__PROBLEM DETAILS__
Starting with the line containing "Collana Minimalista da" and going on through the line containing "Buick GL8 Landzun", return the lines of the data below exactly, and only those.

════

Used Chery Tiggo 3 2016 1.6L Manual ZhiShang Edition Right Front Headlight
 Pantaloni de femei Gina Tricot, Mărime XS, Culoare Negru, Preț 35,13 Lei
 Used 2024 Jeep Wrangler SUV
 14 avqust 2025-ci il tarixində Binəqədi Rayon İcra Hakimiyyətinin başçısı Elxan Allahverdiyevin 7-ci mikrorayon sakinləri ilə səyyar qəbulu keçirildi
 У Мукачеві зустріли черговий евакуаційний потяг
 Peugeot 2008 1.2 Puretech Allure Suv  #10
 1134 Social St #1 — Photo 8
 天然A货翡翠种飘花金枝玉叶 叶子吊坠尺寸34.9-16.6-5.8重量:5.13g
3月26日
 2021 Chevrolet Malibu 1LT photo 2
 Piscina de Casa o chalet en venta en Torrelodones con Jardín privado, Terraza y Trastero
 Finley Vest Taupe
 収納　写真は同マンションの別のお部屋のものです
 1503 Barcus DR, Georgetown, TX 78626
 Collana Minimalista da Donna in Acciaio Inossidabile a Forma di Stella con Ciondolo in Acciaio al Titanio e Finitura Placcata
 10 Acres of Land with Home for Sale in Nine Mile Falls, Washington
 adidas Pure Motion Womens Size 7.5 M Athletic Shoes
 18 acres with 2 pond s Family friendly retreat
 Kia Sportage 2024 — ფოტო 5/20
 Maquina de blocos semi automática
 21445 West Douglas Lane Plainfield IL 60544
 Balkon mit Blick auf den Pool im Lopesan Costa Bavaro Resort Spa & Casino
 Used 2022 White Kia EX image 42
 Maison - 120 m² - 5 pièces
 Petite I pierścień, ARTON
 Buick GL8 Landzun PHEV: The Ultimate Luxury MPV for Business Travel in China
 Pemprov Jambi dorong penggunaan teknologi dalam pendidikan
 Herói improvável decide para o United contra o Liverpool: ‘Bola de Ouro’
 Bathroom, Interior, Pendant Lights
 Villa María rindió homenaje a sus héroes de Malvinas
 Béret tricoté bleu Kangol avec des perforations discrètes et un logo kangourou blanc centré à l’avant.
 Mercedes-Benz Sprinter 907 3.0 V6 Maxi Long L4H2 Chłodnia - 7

════

__RESULT OF THE TASK__
 Collana Minimalista da Donna in Acciaio Inossidabile a Forma di Stella con Ciondolo in Acciaio al Titanio e Finitura Placcata
 10 Acres of Land with Home for Sale in Nine Mile Falls, Washington
 adidas Pure Motion Womens Size 7.5 M Athletic Shoes
 18 acres with 2 pond s Family friendly retreat
 Kia Sportage 2024 — ფოტო 5/20
 Maquina de blocos semi automática
 21445 West Douglas Lane Plainfield IL 60544
 Balkon mit Blick auf den Pool im Lopesan Costa Bavaro Resort Spa & Casino
 Used 2022 White Kia EX image 42
 Maison - 120 m² - 5 pièces
 Petite I pierścień, ARTON
 Buick GL8 Landzun PHEV: The Ultimate Luxury MPV for Business Travel in China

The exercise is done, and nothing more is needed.